Also, I suspect that this is an issue also because of the size of this DenseAttr. For the smaller cases it seems that mlir-opt is printing the values one by one with [s,]s and ,s , but for larger sizes it is too lazy to do so, and now I can not parse this my file :upside_down_face: (otherwise I could just round-trip and print it as a huge <[1, 2 , 3, 4]>

I'll look into a PR to solve this tomorrow, but any pointers or help on how to solve this are very welcome!

superlopuh commented 6 months ago

Looks like we need to add a new case here:

        # Integer and float case
        if self._current_token.kind == Token.Kind.FLOAT_LIT:
            token = self._consume_token(Token.Kind.FLOAT_LIT)
            value = token.get_float_value()
        elif self._current_token.kind == Token.Kind.INTEGER_LIT:
            token = self._consume_token(Token.Kind.INTEGER_LIT)
            value = token.get_int_value()
        else:
            self.raise_error("Expected either a float, integer, or complex literal")

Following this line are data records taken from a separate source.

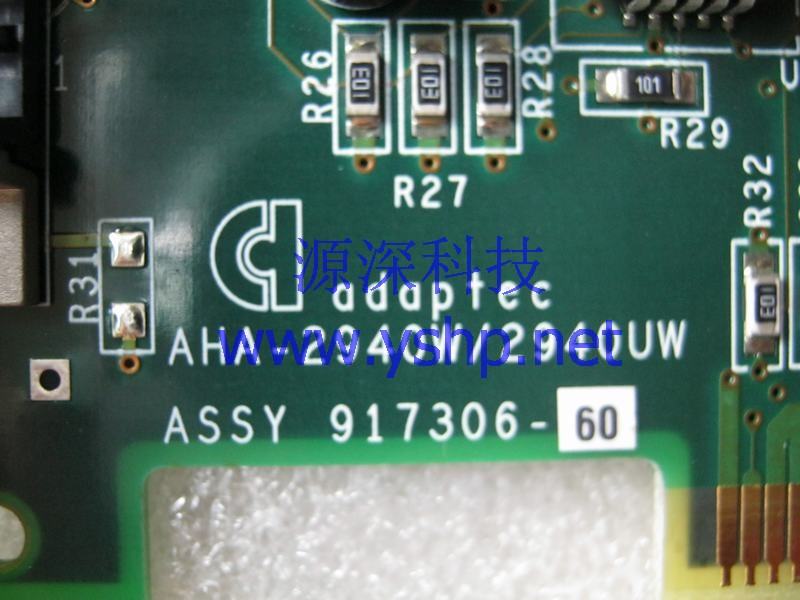 上海源深科技 Shanghai   HP NetServer E200  Server SCSI卡 D5025-68001 AHA-2940UW 高清图片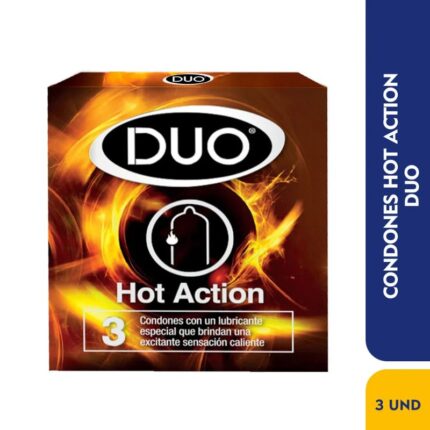 PRESERVAT.DUO HOT ACTION 3 UND S.O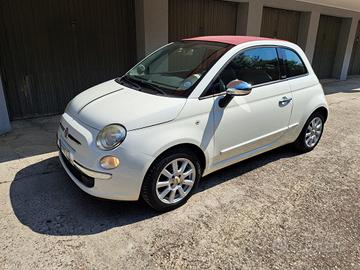 Fiat 500 cabrio cambio automatico 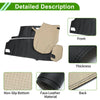 Lexus RX350 (2016-2019) - Black Dash Carpet Dashboard Cover Mat
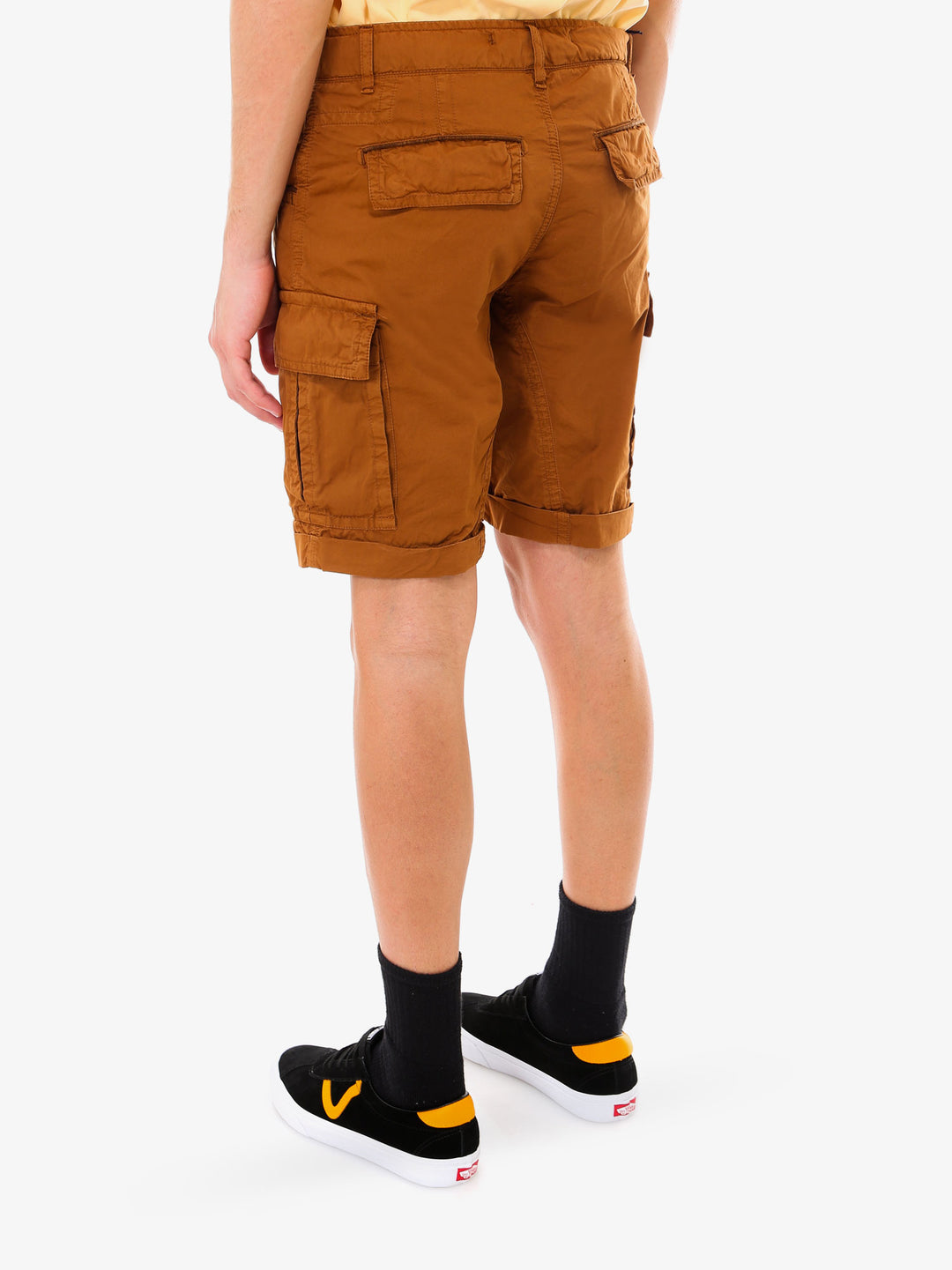 Cotton bermuda shorts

I'm guessing mlir is happy to process strings in this position

math-fehr commented 6 months ago

Actually, the code that needs to be changed is near:

        shape: list[int] | None
        if self._current_token.text == ">":
            values, shape = [], None
        else:
            values, shape = self._parse_tensor_literal()
        self.parse_punctuation(">", " in dense attribute")

The dense parameters are either a single string containing an hex, or a tensor literal. It is not possible to parse something like ["0xff", "0xef"] as far as I know

JosseVanDelm commented 5 months ago

solved by #1974